Bruno Mars drew a record 35,000 fans to New York State Fair's Chevy Court on Wednesday, August 31, 2011.
On September 1, 2010, rising country act Lady Antebellum drew a record crowd of 30,000 at the New York State Fair‘s Chevy Court. Almost exactly a year later on August 31, 2011, pop/R&B singer Bruno Mars broke the record with an estimated 35,000 watching him perform on the same stage.
How?? And why doesn’t anyone believe a pop act could get a bigger crowd than a country artist at the NYS Fair?
Let me give you some background information, for those not familiar. The New York State Fair is one of the largest state fairs in the U.S., drawing about 1.1 million people over the 12-day event in Syracuse. The concerts held at the fair are always a hot topic and a crowd magnet (besides the fried food, wine, animals, rides, games and people-watching) and traditionally country artists like Rascal Flatts have pulled in the biggest audiences.
There are two main concert stages at the NYS Fair. The Mohegan Sun Grandstand tends to host the big-name artists and requires paid admission (tickets ranged from $35 to $65 this year though prices were reduced for two underselling concerts to $15), seating 17,000 people. The Chevrolet Court stage (also known as Chevy Court and formerly known as Muffler Court) has two different acts daily, free with admission to the fair, and has seating for 5,000 people — but many more can stand in the aisles and pack the surrounding area.
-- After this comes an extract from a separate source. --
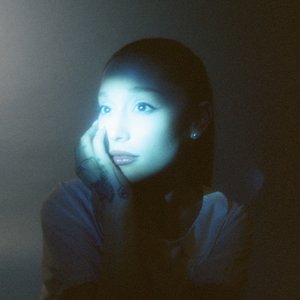 “Ariana Grande”的封面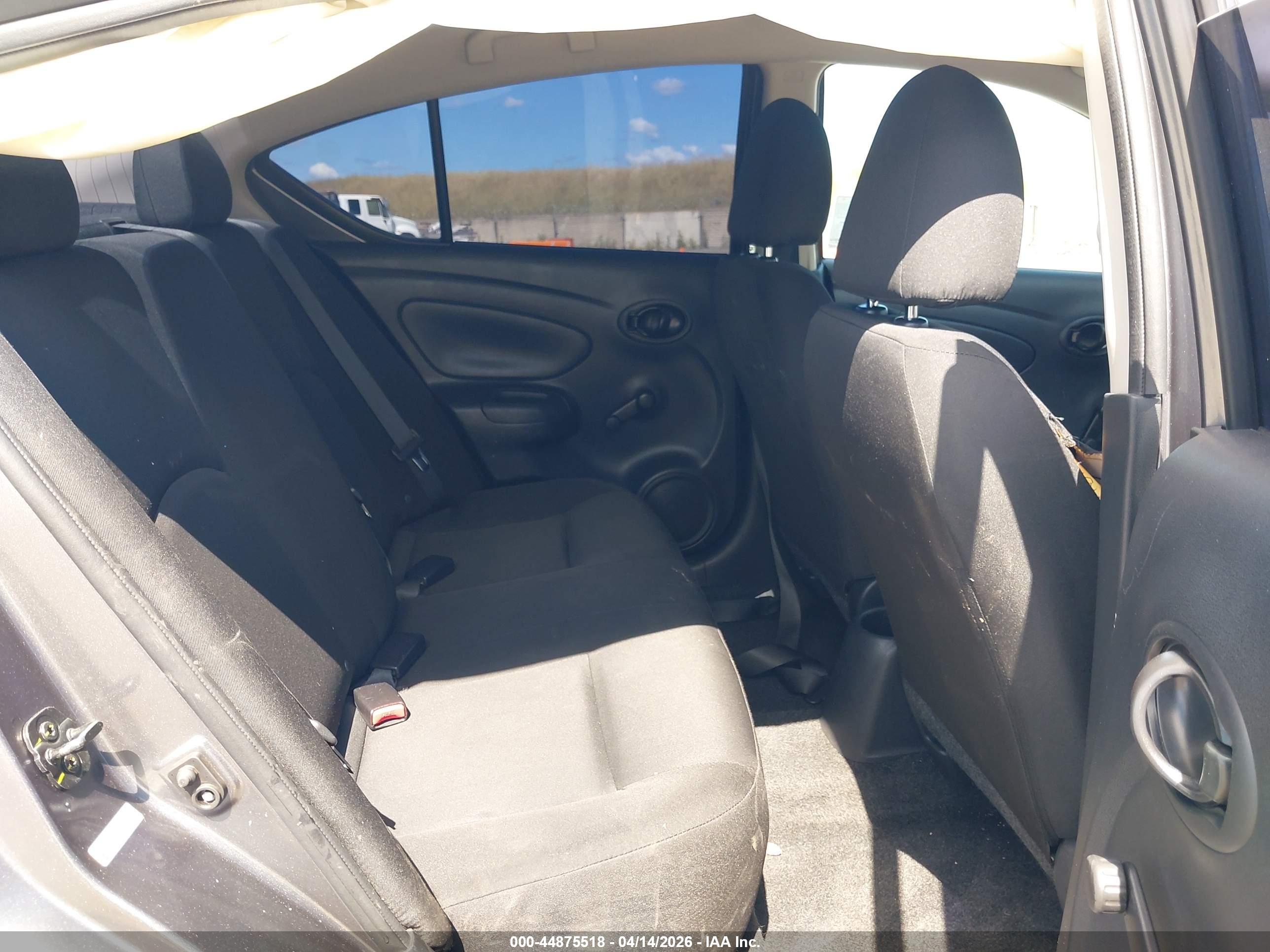 NISSAN VERSA image 8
The Grandstand used to have entertainment on all 12 nights of the fair but officials changed that to 7 concerts recently and put more emphasis on getting bigger acts at Chevy Court.
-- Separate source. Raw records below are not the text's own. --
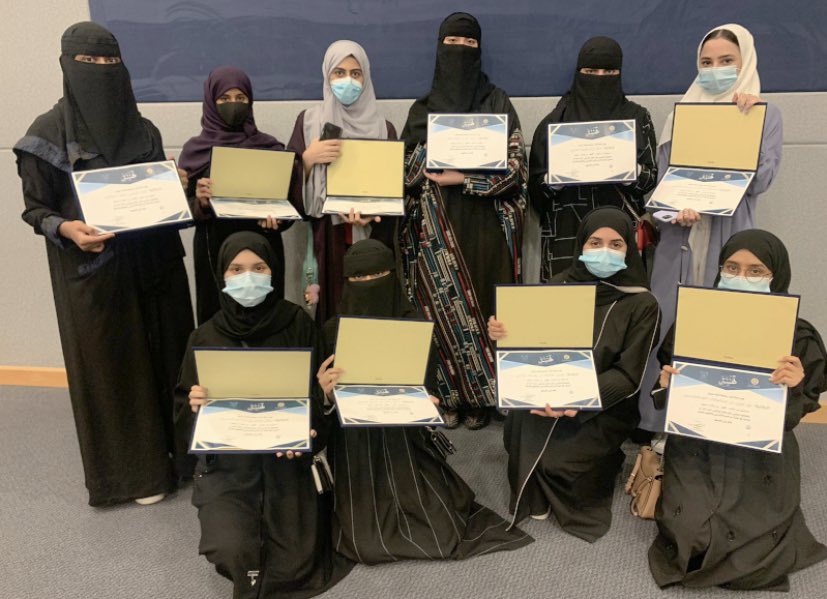 lMED220's tweet photo. بكل حب وفخر، دفعة ٢٢٠ تهنئ طلابها وطالبتها الخمس الاوائل مُتمنين لهم دوام التوفيق والنجاح 🤍 https://t.co/cZdFM51gti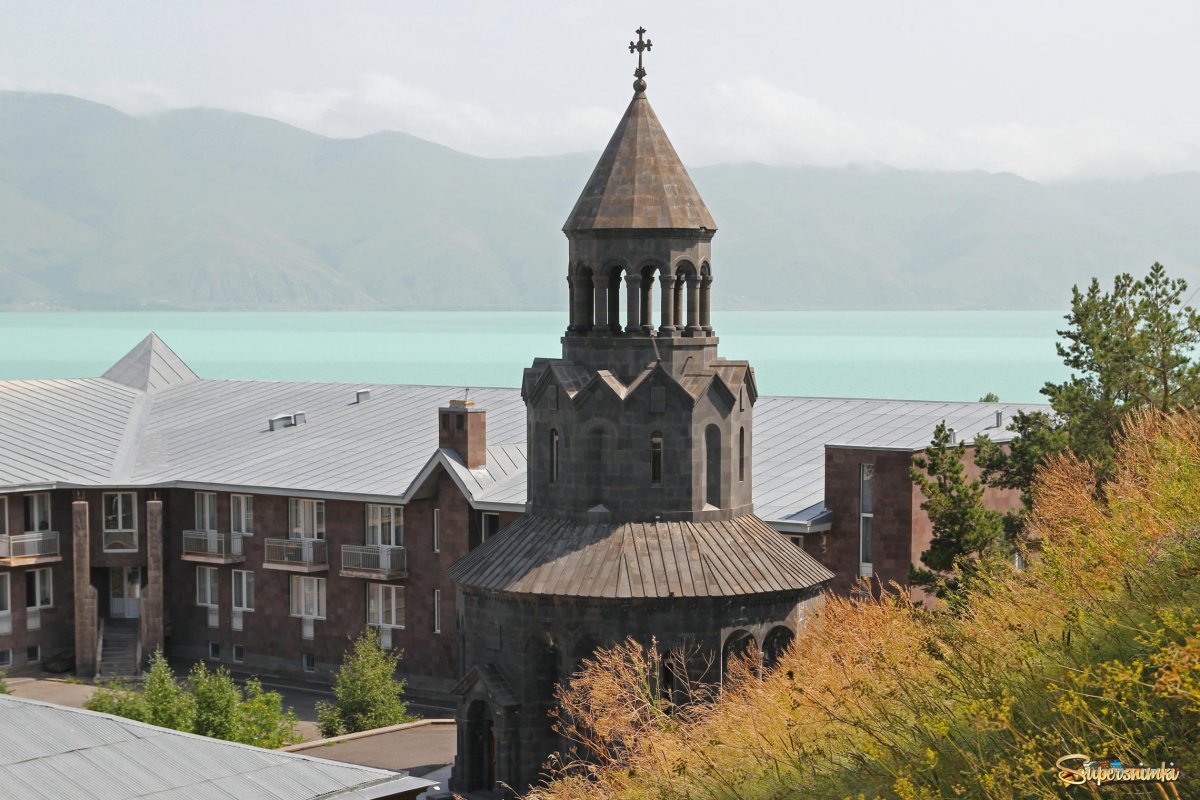 Церковь на озере Севан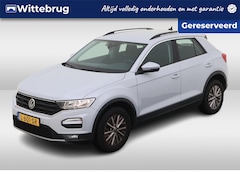 Volkswagen T-Roc - 1.0 TSI Style / Navigatie / Climate controle / Camera / Parkeer sensoren V+A / Lichtmetaal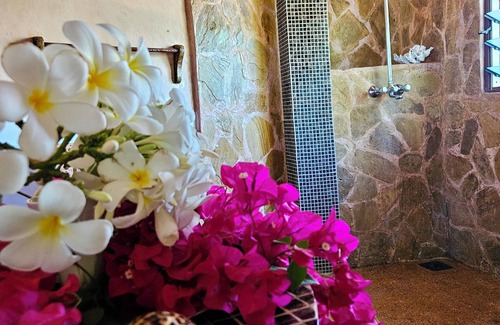 Shimoni House | Elegant Eagle Suite with Indian Ocean View & Pool Access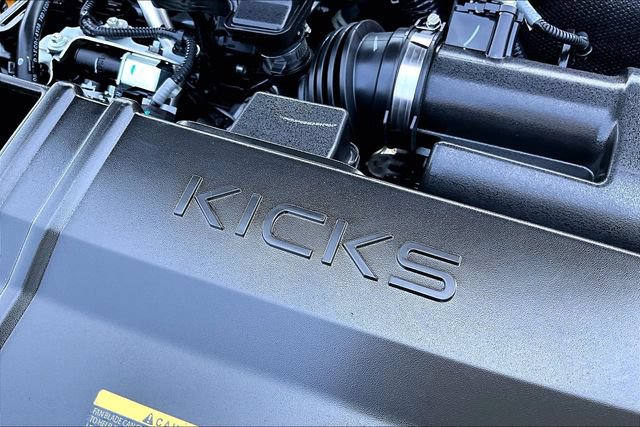 Certified 2025 Nissan Kicks SR FWD image 29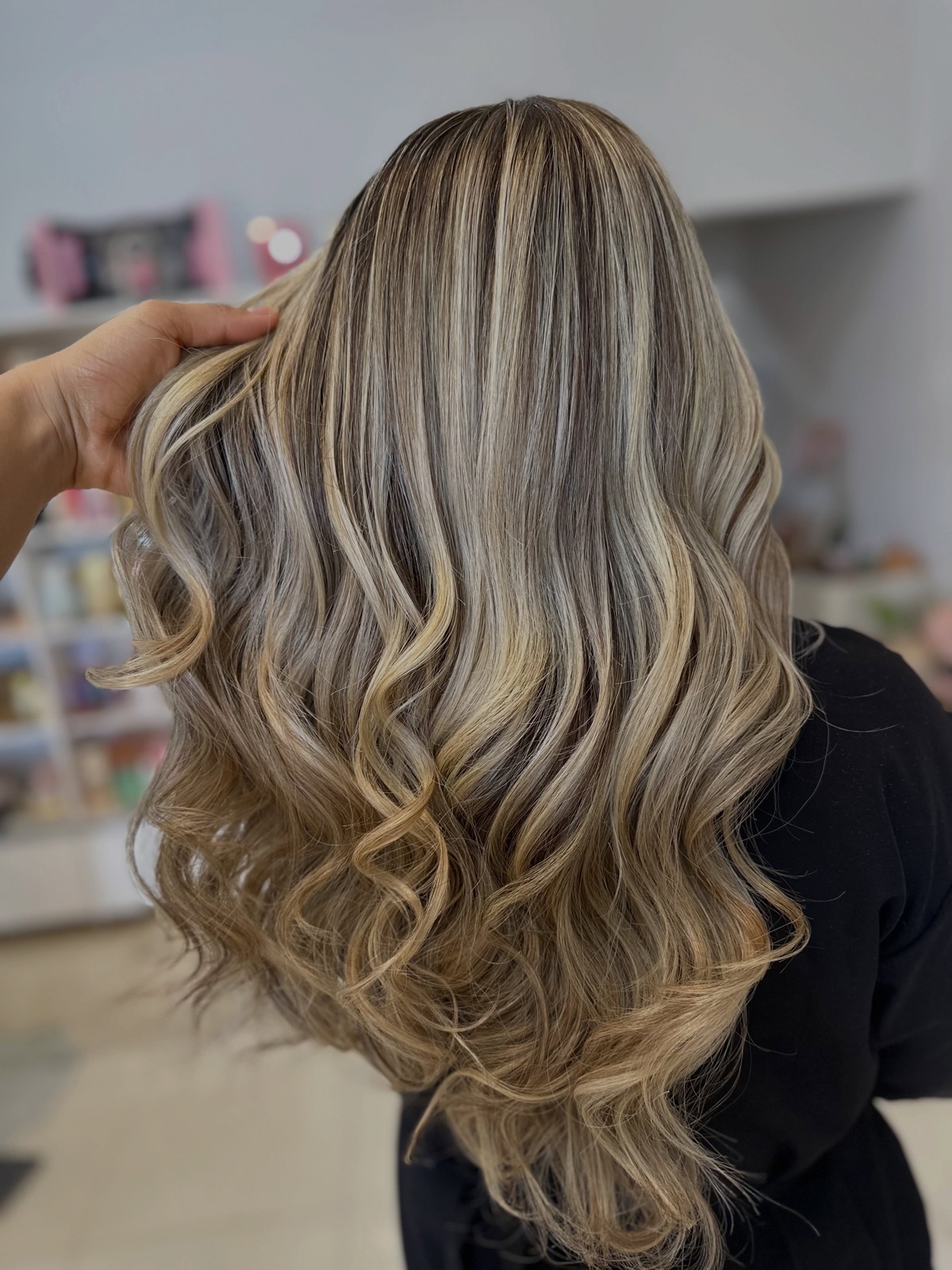 Cabelo loiro iluminado com ondas, finalizado no Studio Viviane Almeida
When Lady Antebellum played at Chevy Court last year, they were on their fourth consecutive #1 country song and chart-smasher “Need You Now” had just recently crossed over to pop and adult contemporary radio. So it surprised absolutely no one when Hilary Scott, Dave Haywood and Charles Kelley drew 30,000 fans and set a record for crowd attendance.
Bruno Mars, on the other hand, has six top 5 songs on the Billboard Hot 100 all within the past 15 months, including “Grenade,” “Just The Way You Are” and his appearances on B.o.B.’s “Nothin’ On You” and Travie McCoy’s “Billionaire.” He’s sold more than 15 million singles, wowed everyone at the Grammys this year with his lively doo-wop rock performance, and made headlines again this week with his soulful tribute to Amy Winehouse, performing “Valerie” at the MTV Video Music Awards (even though it’s actually a Zutons song that Amy covered on a Mark Ronson record). It shouldn’t surprise anyone that he drew 35,000 fans but it did. Why?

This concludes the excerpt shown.